It’s largely the opinion of the people around here that the fishery could support an expanded harvest.  

John Whissel  is director of the natural resources department for the Native Village of Eyak. In its hay day the Prince William Sound fishery  produced over 13 million pounds of Tanners; that dropped to half a million pounds by the time of the last opener. Price to fishermen is usually two to three dollars a pound.

State managers still believe the local crab stocks are depleted based on trawl surveys.  Cordovans plan to supplement that data by doing something different:  a mark recapture study.

Where we’d actually pull crab out and put a mark in them and come back and catch crab. This is a pretty standard measurement of species densities and numbers and much more involved than a trawl survey.

Eyak is working out the study design and readying funding proposals for federal dollars to seed the Tanner project. But locals will begin collecting data with their subsistence pots this fall.

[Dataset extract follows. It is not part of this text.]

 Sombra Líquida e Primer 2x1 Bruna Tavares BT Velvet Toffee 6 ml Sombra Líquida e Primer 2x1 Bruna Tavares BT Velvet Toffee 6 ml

Whissel says He says the whole town has come out in support of the local Tanner prospect.

This is as much of a grassroots effort as I’ve ever been a part of in terms of getting some science done. Even if they’re not particularly interested in going out to get Tanner crab everyone understands the benefits of having canneries working year round and boats fishing year round.  There’s other opportunities around here and it would be good for our town and for our state, because with oil prices being what they are and the tax rate being what it is, commercial fishing could play a larger role in the state budget if we gave them the opportunity to do that.

Whissel says he’s hopeful the Tanner project will be a model for other potential local fisheries.

Maybe we can apply it to something else and if we  keep seeking out the data in a group like this instead of individual entities, we can evaluate more of our resources and potentially have a whole mosaic of smaller fisheries around our larger fisheries and a thriving town 365 days a year.  

Whissel calls the collaboration by the state and tribal governments over the Tanner crab project “a new way forward” and says it will open doors to more federal dollars.